I (35 F) just celebrated my anniversary, and my sister (38 F) "Kayla" is still mad about a fight we had right before my wedding. I would love to know who's TA. Kayla was married at 23 and divorced at 30.

She got a new boyfriend pretty much immediately after the papers were finalized, and they've been together ever since. Kayla always said the divorce was so hard, she would never marry again, and her boyfriend seemed fine with that.

When my husband and I started talking about marriage, we told our families. Everyone gave their blessing, including my sister. I don't like surprises, so my husband revealed he was going to propose at my birthday party, which was near Valentine's Day. I told my 4 future bridesmaids, including my sister, in case they wanted to witness the proposal.
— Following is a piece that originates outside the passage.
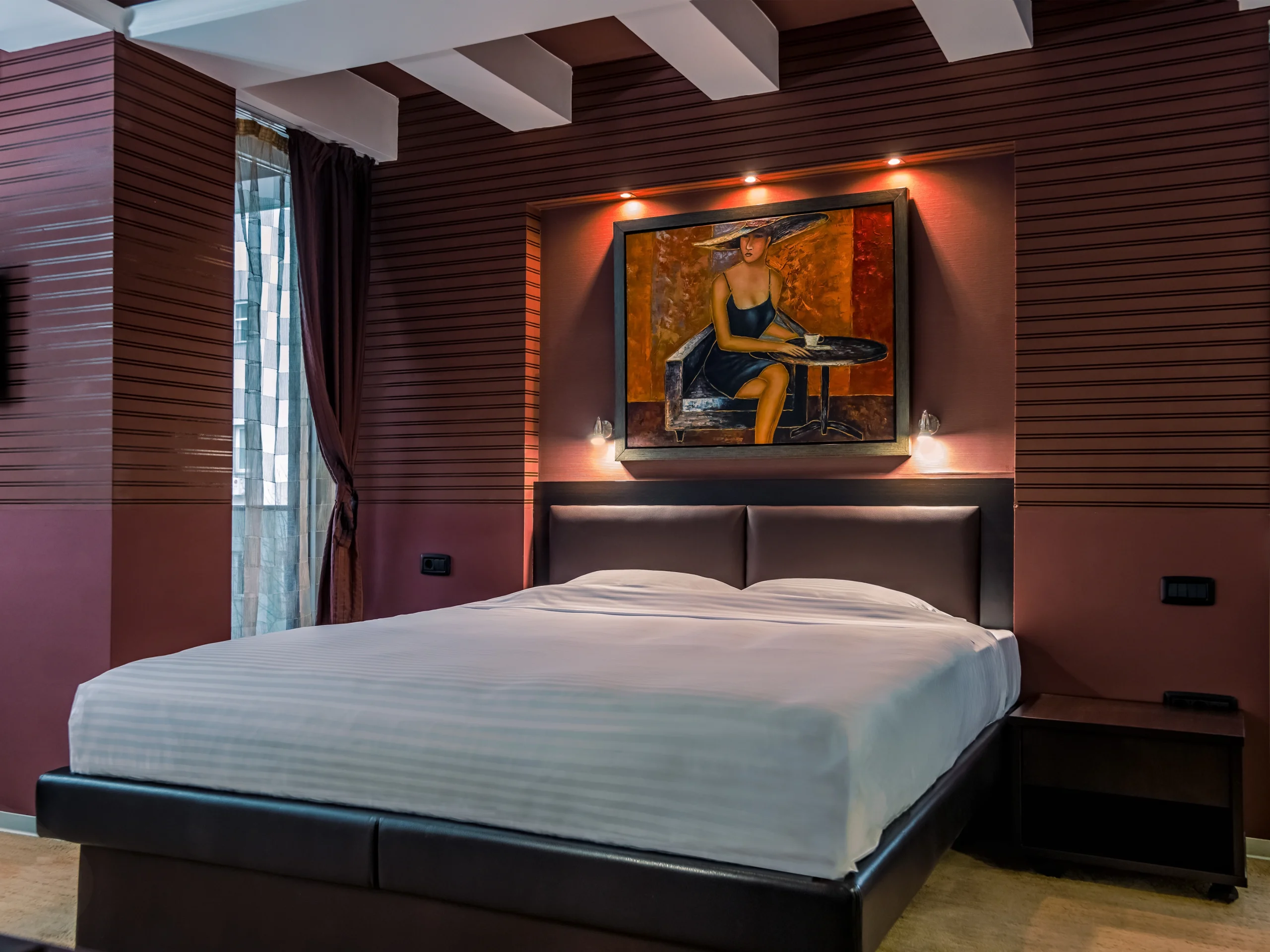 A modern bedroom at Sienna Apartments Skopje features a neatly made bed, dark brown walls, a painting of a seated person above the bed, side tables, and a window with sheer curtains.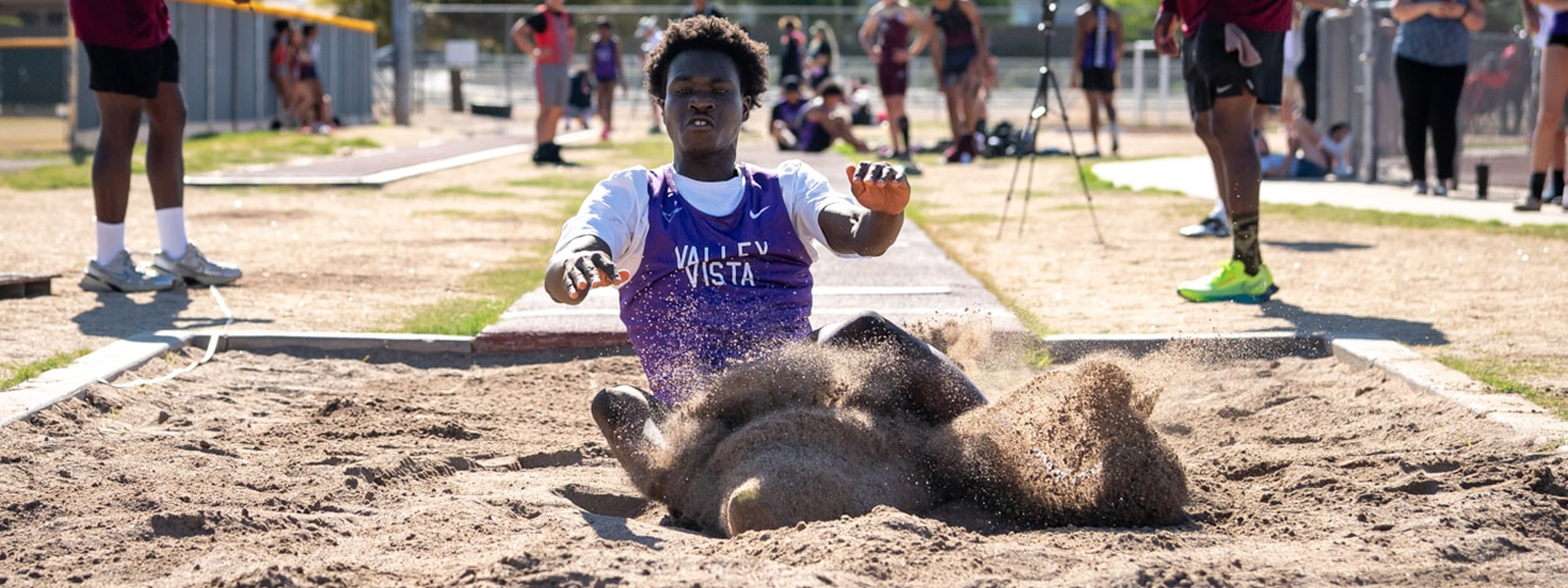 student athlete competing in the long-jump at district track and field meet.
A week before my party, Kayla surprised the family by announcing her boyfriend had proposed Christmas Day. We thought it was a little odd for a couple reasons: 1) she was so vocally against a second marriage, 2) she bought her own ring. BUT, people change their minds all the time, and it doesn't matter who bought the ring if they're happy. We congratulated her and let it be.

The oddness continued after my husband proposed and we started planning our wedding. My sister HATED all our choices--from our theme (autumn) to invitations (gold and cream)--but especially my dress.

I didn't wear pure white because I got married in my 30s, and it felt silly to do the Blushing Virgin shtick at my big age. According to Kayla, this was mortifying and shameful. Which was weird, considering she was pregnant with my nephew/showing when she walked down the aisle, and no one said a word.

The real issue happened about a month before my wedding. Kayla called me out of nowhere and said, "Hey, would you care if I got married before you?" I said, "No, that's fine. You got engaged first, after all. Go for it." Then Kayla said, "But what if we got married really close to your wedding day? Would that bother you?"

I had a million people to call that day, including the caterers and the bakery, so I simply said, "Sis, I don't care when you get married. Go down to the courthouse an hour before the ceremony and get married on the exact same day if you like. Just be dressed and at the venue by 3 PM, and I'll be the happiest bride ever."

Kayla started screaming that it was SO RUDE of me to say I "don't care" about her wedding. I said that's not what I meant, but she hung up on me and told the family her version. I still get shit from our aunts for something I didn't mean. Now, it's a year later, and my sister is threatening to not invite me to her wedding--which still hasn't happened. AITA?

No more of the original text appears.